TASK PROMPT:
In the entries below, every line with the string "inside" is to be reported.
====
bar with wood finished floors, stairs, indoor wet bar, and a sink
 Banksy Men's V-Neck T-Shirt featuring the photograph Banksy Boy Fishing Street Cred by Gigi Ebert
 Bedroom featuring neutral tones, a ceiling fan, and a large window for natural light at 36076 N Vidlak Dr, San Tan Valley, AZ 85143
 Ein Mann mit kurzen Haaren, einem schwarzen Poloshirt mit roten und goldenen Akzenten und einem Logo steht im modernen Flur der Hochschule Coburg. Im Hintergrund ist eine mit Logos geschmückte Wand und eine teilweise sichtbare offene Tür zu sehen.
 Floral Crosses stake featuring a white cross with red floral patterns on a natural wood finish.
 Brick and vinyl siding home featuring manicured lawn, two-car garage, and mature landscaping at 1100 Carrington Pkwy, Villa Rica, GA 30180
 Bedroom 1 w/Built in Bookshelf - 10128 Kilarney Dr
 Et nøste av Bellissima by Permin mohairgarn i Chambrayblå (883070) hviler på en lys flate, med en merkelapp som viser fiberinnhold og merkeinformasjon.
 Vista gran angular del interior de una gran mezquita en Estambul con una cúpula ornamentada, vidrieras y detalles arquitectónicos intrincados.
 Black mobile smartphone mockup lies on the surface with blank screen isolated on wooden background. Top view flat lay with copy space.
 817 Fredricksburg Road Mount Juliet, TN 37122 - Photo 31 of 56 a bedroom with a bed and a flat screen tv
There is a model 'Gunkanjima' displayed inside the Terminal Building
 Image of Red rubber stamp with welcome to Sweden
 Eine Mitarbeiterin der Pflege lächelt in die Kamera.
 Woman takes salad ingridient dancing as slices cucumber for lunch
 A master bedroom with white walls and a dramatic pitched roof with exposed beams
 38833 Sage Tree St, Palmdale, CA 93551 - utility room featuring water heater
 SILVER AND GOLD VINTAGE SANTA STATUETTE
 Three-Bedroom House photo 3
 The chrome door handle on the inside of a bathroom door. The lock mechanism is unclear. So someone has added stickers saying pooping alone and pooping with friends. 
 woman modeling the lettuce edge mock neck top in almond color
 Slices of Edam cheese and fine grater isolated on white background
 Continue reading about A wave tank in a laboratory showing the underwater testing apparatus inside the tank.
====
SOLUTION TO THE PROBLEM:
There is a model 'Gunkanjima' displayed inside the Terminal Building
 The chrome door handle on the inside of a bathroom door. The lock mechanism is unclear. So someone has added stickers saying pooping alone and pooping with friends. 
 Continue reading about A wave tank in a laboratory showing the underwater testing apparatus inside the tank.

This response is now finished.